▸ Input data
============================================================

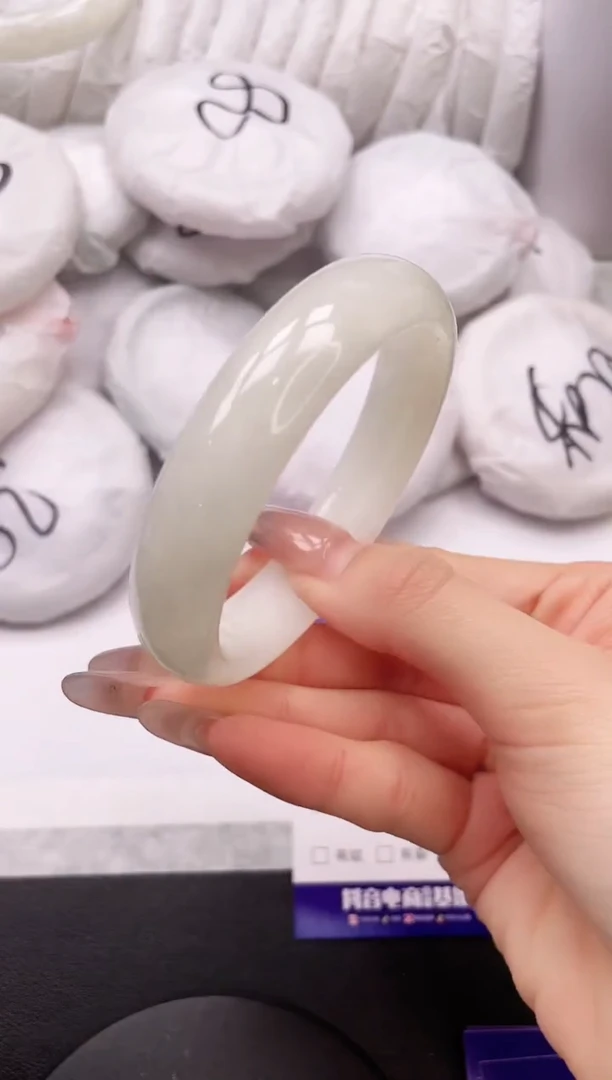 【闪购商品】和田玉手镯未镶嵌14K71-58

============================================================

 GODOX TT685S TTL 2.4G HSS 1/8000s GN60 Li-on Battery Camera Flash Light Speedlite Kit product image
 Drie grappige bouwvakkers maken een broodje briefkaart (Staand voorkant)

============================================================

▸ What is required
Retype, in the same exact form, the lines of the material above from the line holding "GODOX TT685S TTL" through the line holding "Drie grappige bouwvakkers".

▸ Answer to this exercise
 GODOX TT685S TTL 2.4G HSS 1/8000s GN60 Li-on Battery Camera Flash Light Speedlite Kit product image
 Drie grappige bouwvakkers maken een broodje briefkaart (Staand voorkant)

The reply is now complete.